Raw data:

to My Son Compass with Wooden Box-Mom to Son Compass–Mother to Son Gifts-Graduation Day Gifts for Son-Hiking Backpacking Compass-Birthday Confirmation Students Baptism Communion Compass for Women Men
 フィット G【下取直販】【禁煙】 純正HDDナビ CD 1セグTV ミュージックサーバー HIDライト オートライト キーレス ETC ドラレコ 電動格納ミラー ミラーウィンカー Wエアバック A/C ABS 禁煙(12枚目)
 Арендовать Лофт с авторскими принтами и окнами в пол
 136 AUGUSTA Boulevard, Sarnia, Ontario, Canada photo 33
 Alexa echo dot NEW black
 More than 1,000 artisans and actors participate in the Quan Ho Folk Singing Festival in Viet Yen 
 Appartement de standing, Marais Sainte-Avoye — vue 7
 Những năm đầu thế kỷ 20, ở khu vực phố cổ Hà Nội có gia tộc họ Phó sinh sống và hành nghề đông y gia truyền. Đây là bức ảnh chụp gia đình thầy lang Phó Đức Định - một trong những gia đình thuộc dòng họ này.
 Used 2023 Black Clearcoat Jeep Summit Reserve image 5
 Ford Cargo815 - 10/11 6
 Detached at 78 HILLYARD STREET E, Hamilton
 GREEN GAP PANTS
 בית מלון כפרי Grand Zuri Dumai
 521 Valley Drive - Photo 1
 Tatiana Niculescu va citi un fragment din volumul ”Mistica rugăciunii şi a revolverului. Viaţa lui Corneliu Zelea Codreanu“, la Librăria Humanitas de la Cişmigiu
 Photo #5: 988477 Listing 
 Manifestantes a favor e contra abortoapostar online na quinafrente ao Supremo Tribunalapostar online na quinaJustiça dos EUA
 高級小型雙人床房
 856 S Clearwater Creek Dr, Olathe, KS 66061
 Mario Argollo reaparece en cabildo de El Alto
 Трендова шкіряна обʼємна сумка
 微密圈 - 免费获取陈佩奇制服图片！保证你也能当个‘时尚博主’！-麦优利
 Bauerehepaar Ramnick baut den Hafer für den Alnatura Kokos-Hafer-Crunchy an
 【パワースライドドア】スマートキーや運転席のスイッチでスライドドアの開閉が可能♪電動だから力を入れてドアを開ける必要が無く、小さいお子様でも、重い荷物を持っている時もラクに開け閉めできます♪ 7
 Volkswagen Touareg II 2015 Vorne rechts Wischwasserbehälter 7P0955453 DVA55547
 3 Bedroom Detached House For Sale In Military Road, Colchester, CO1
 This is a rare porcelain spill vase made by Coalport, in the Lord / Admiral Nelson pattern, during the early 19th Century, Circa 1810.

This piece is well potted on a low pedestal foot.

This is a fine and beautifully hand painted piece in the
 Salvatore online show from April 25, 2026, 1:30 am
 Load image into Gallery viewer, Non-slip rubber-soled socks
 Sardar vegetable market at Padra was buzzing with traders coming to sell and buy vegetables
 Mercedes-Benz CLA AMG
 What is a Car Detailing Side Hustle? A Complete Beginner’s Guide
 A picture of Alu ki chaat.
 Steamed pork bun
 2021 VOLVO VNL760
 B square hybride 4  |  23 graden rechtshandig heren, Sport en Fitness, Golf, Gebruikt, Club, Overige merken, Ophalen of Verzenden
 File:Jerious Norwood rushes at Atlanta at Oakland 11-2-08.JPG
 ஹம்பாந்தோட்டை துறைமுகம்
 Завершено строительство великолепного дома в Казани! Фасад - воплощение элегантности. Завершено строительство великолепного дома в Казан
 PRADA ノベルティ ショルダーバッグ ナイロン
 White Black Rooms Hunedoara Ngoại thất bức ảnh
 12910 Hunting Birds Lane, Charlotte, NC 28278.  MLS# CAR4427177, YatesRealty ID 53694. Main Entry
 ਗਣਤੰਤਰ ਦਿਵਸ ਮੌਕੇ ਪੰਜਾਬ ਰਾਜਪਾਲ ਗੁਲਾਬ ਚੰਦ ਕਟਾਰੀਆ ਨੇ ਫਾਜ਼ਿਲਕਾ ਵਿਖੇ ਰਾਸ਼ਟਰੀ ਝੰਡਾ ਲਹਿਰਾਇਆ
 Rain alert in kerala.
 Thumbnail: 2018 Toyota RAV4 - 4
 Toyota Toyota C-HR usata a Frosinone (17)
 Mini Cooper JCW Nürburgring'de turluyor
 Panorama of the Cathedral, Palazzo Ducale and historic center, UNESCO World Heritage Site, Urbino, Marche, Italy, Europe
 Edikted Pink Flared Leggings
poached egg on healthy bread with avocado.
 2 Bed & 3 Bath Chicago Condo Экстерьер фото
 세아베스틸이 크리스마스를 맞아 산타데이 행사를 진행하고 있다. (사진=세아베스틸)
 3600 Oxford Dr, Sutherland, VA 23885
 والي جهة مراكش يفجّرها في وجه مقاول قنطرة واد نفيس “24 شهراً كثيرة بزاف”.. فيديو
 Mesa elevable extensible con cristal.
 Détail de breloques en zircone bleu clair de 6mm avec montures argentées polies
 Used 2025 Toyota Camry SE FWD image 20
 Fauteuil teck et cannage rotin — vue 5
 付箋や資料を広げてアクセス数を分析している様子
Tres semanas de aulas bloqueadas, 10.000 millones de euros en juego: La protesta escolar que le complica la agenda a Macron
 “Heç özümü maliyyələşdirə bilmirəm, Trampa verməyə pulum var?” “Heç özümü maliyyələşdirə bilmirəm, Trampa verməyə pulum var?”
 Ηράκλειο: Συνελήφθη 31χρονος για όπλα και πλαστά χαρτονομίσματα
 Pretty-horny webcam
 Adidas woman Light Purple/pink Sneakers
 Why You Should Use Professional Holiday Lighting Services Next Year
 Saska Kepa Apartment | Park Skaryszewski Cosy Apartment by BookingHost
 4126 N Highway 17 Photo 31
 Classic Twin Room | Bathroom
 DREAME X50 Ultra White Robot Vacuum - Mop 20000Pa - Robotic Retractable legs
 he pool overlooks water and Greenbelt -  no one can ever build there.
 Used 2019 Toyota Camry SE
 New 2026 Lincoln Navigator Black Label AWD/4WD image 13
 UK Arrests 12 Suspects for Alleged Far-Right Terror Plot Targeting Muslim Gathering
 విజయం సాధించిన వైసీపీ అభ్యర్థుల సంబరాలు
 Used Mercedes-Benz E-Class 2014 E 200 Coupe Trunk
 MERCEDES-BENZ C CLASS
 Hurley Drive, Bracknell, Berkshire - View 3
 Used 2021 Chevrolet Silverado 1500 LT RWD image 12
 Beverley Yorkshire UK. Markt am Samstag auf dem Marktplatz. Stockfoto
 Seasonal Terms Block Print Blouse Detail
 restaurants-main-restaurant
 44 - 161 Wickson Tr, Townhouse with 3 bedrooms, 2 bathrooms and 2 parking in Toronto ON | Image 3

How to complete this task: Go through the listing above and copy each line in which the string "piece" is found.

Answer section:
This piece is well potted on a low pedestal foot.
This is a fine and beautifully hand painted piece in the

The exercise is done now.